With a few adjustments to the technology, Docker containers could bring heretofore unseen efficiencies to supercomputers and high-performance computing (HPC), so predicts Docker Technical Account Manager Christian Kniep, in a series of recent talks at ContainerDays Hamburg, and elsewhere.
To date, the supercomputing world has taken scarce notice of containers, even though they could bring greater efficiencies to an ecosystem obsessed with performance. To a certain extent, this is due to architectural differences — the tightly coupled model of supercomputing is at odds with the loosely coupled “microservices” architectures that containerization lends itself too. Security concerns play a role too, as worries about running a Docker daemon on worker nodes spooks some.
But some jobs naturally lend themselves to the HPC model, such as work in artificial intelligence, which can take advantage of the muscular vector processing capabilities that supercomputers can offer through their plentiful GPUs, Kniep notes. This week, the SC500, which runs a twice-annual roundup of the world’s fastest supercomputers, announced that the collected power of all the computers on the list exceeded one exaflop, at 1.22 exaflops. An exaflop is a thousand petaflops or a quintillion floating point operations per second. GPUs were used 110 of these systems, 98 of which were Nvidia’s.
Supercomputers are designed to run large workloads — such as weather forecasting or molecular modeling — as a single application across hundreds or even thousands of servers. Despite the initial similarities to cloud computing, some fundamental differences do exist between the two architectures, Kniep points out. And these differences must be accounted for if Docker or other cloud-native vendors wish to service this market.
For instance, to take advantage of specific acceleration hardware such as GPUs or high-speed interconnects, HPC applications are often host-specific — they were designed for one platform. In this sense, they are hardware-specific, rather than the hardware-agnostic approach that Docker adheres to. Secondly, HPC programs tend to be tightly-coupled. They may have multiple components, but they all need access to a shared memory space.

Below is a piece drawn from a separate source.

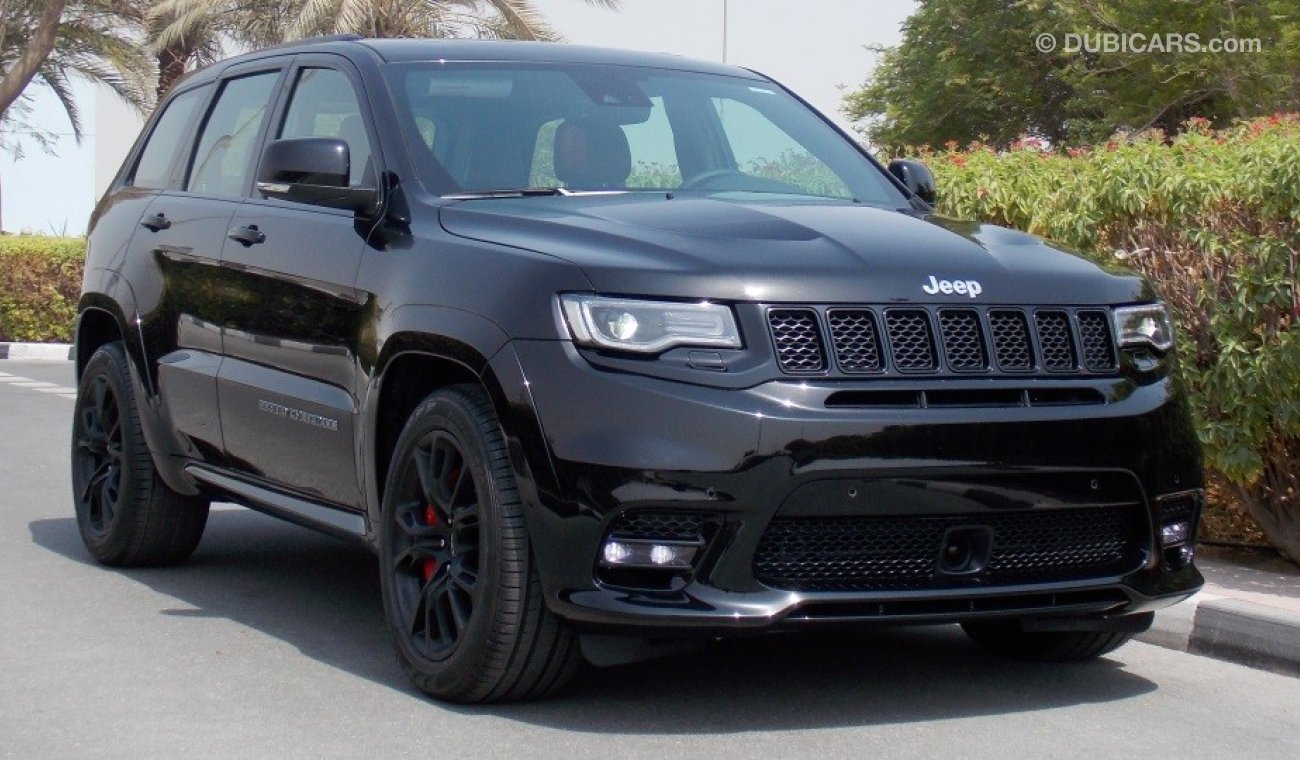 Jeep Grand Cherokee Brand New 2017 SRT 4X4 SPORT GCC CARBON FIBER  3 YEARS OR 60000 KM AT The DEALER DSS OFFER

“HPC needs to run on shared resources,” as Kniep said in a talk at the 2018 HPC Advisory Council Swiss Conference (he gave a similar talk at ContainerDays EU last week). Unlike most Docker setups today, in an HPC setup, multiple nodes will be reading and writing to a single shared file system. Each node must also securely maintain its own set of data, without intrusion from other nodes.

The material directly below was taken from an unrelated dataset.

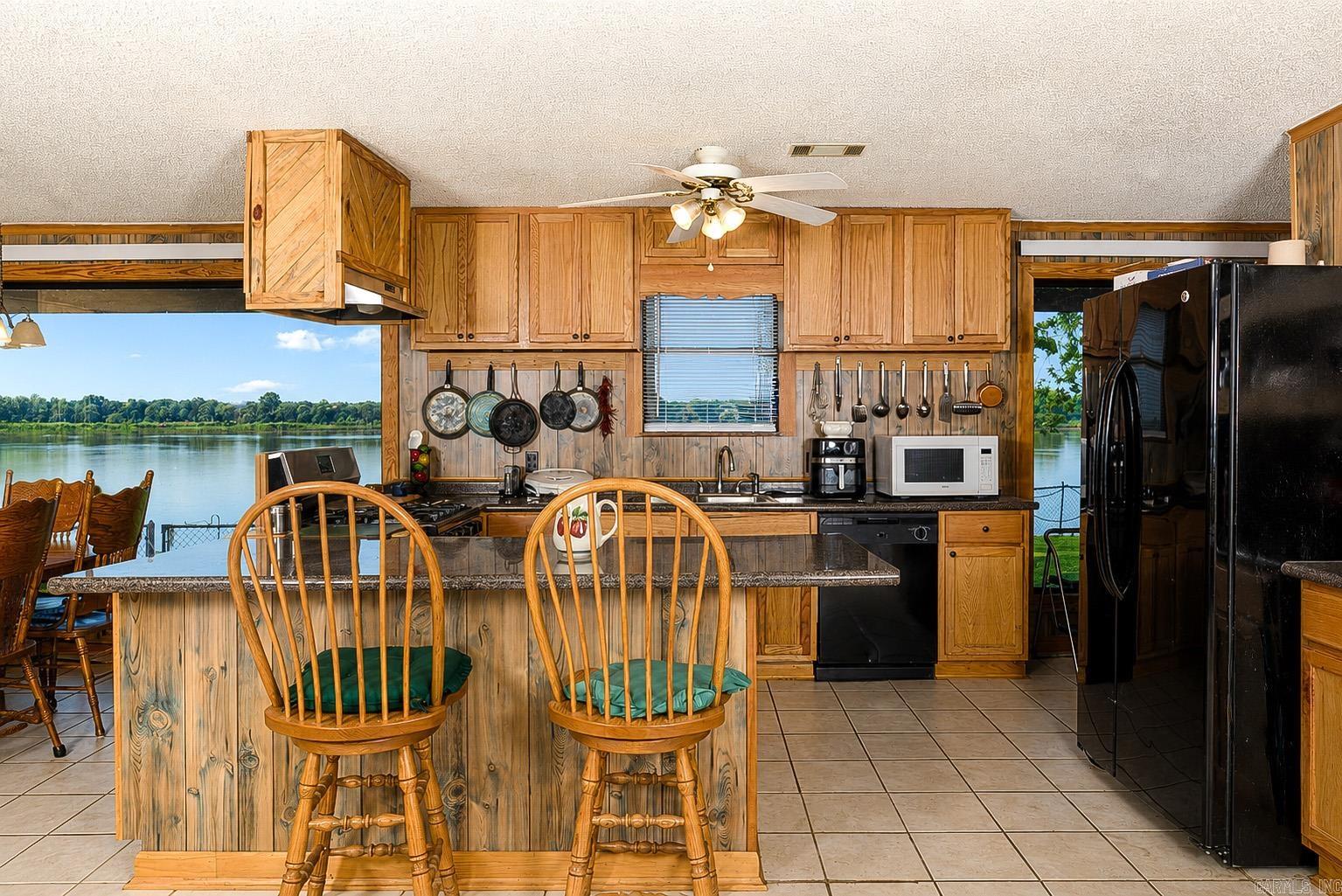 9106 E Swan Lake RD  Altheimer, AR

Typically, Docker that gives the container the same privileges set within the container itself. This practice is unsecured, however, since someone can spin up a container with somebody else’s ID, giving them the full permissions of that user. For this reason, user and group permissions set by the container should not be trusted for security purposes.
As a proof-of-concept to solve this issue, Kniep developed a mini-proxy for the Docker engine that overwrites the container’s permissions with the permissions of the user who started the container. In this case, the permissions of the user are re-attached to the container, rather than relying on what the container itself claims.

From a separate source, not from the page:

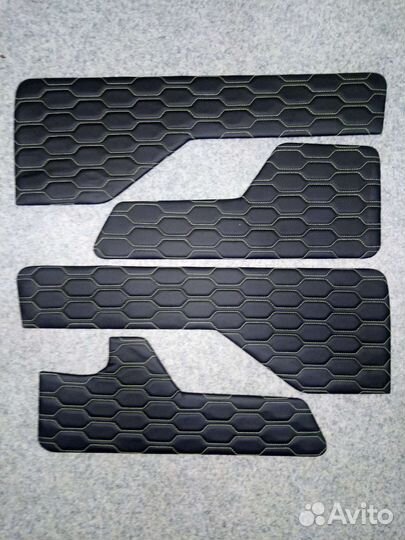 Вставки в дверные карты Нива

Another big aspect of HPC is the ability of the application to bypass the operating system kernel altogether, a common approach in HPC to speed performance by allowing the application to communicate directly to specialized hardware such as GPUs or interconnects, without going through the OS.
An initial solution to this issue might be to move host-specific drivers onto the container, which would bloat the size of the container (The Nvidia Cuda driver alone can be as large as 1GB). A better option would be to put the drivers on the host, and then map them into the container itself. Each host could then map its own characteristics onto the container, using pre-defined “mount points.”
Kniep’s Docker engine proxy also handles this task, requiring only the input from the user about the hardware requirements (i.e. a GPU, or an Infiniband connect) as well as the location on the host of the shared library.
Work Needs to be Done
With these changes, you could use Docker to stage all containerized workloads on HPC systems, both those that require shared spaces and those that don’t. This approach would offer all the flexibility of virtual machines, but at the wire speed performance favored by HPOC enthusiasts.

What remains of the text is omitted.